● ACTION ITEM
Taking the data below, please print only the lines from the line holding "Viajes de aventura" to the line holding "Holt Park - Milwaukee, WI", inclusive, with pictures omitted.

● DATA FOR REVIEW
+ + + + +

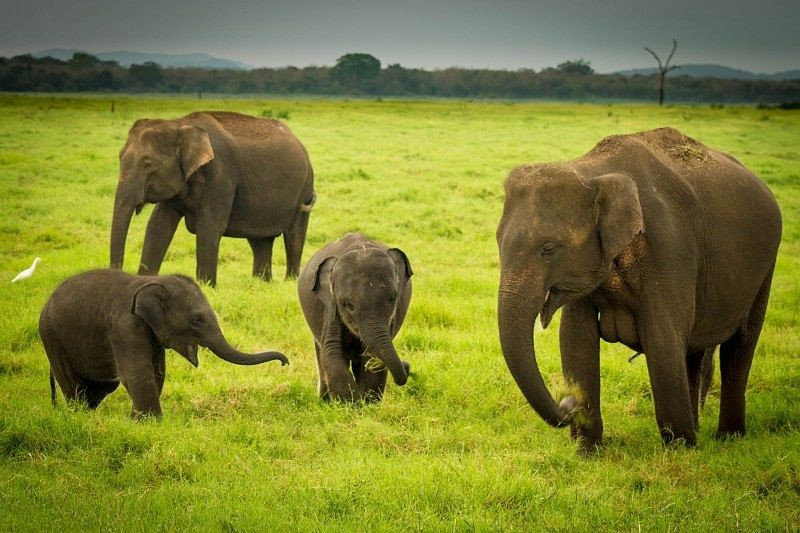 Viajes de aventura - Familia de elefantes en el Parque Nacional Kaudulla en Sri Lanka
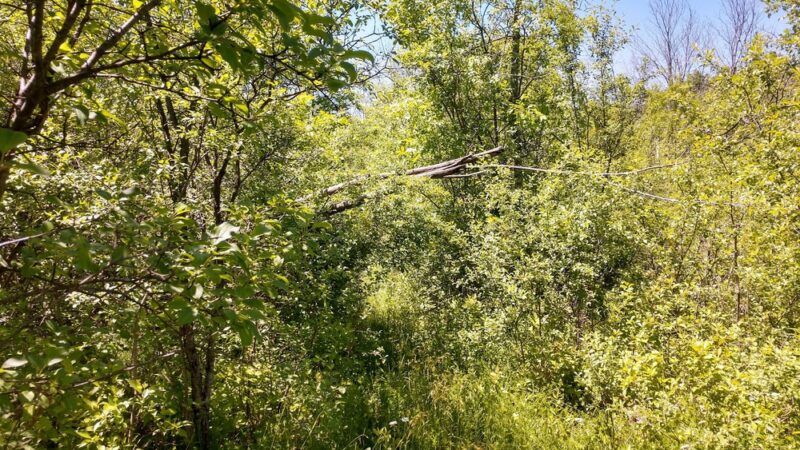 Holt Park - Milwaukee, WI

+ + + + +

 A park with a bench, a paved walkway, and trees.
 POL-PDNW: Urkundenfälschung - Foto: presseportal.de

+ + + + +

● RESPONSE TO THIS EXERCISE
 Viajes de aventura - Familia de elefantes en el Parque Nacional Kaudulla en Sri Lanka
 Holt Park - Milwaukee, WI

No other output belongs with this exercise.